Non-discounted a. Ranking by inspection: selecting by ranking project on basis of time, returns and investment b. Payback period: It measures the period of time required for the cost of a project to be recovered from the earnings of the project. c. Accounting Rate of Return Method:This method is considered better than pay-back period method because it considers earnings of the project during its full economic life. This method is also known as Return On Investment (ROI). Discounted a. Internal rate of return(IRR): It is discounted cash flow techniques. The trial & error method is used to find the discount rate which equates the PV of cash outflows & cash inflows to zero. IRR is the rate of return where either NPV is zero or total PV(TPV) is equal to NCO. If IRR is greater than the required rate of return, the project is acceptable. b. Net present value (NPV): The difference of present value of cash inflow & PV of cash outflow is the net present value. If the PV of the total benefits is higher than the PV of the total costs, the project is acceptable. The NPV must be positive. c. Profitability index (PI): Profitability Index is the ratio of present value of expected future cash inflows and Initial cash outflows or cash outlay. It is also used for ranking the projects in order of their profitability. It is also helpful in selecting projects in a situation of capital rationing.

3. Financial analysis of development project A development project is a public project.

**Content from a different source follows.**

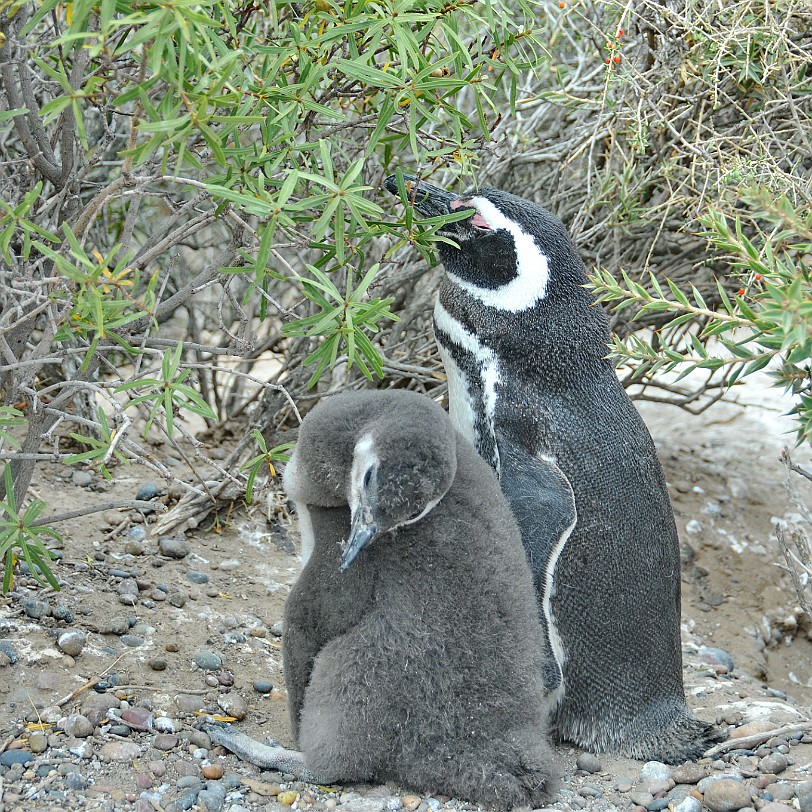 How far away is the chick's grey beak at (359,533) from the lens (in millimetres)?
1943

It is generally sponsored by the government. The funding of a development project in most cases is through foreign aid. The financial analysis of a development project is concerned with its financial sustainability. Under the financial analysis, the following factors are included:

a. Capital requirements: The funding requirements of the project are assessed as to their adequacy. The need & requirement of financial resources should be determined. b. Sources of funds: The reliability of the sources of funds to finance the development project is assessed. d. Projected cash flow: The projected cash flow is examined to assess the projects capacity to meet financial obligation. e. Accounting & reporting system: The adequacy & reporting system is assessed. The capacity to claim reimbursement on time is also assessed. f. Profitability: Revenue & expenditure forecasts are examined to access the projects profitability.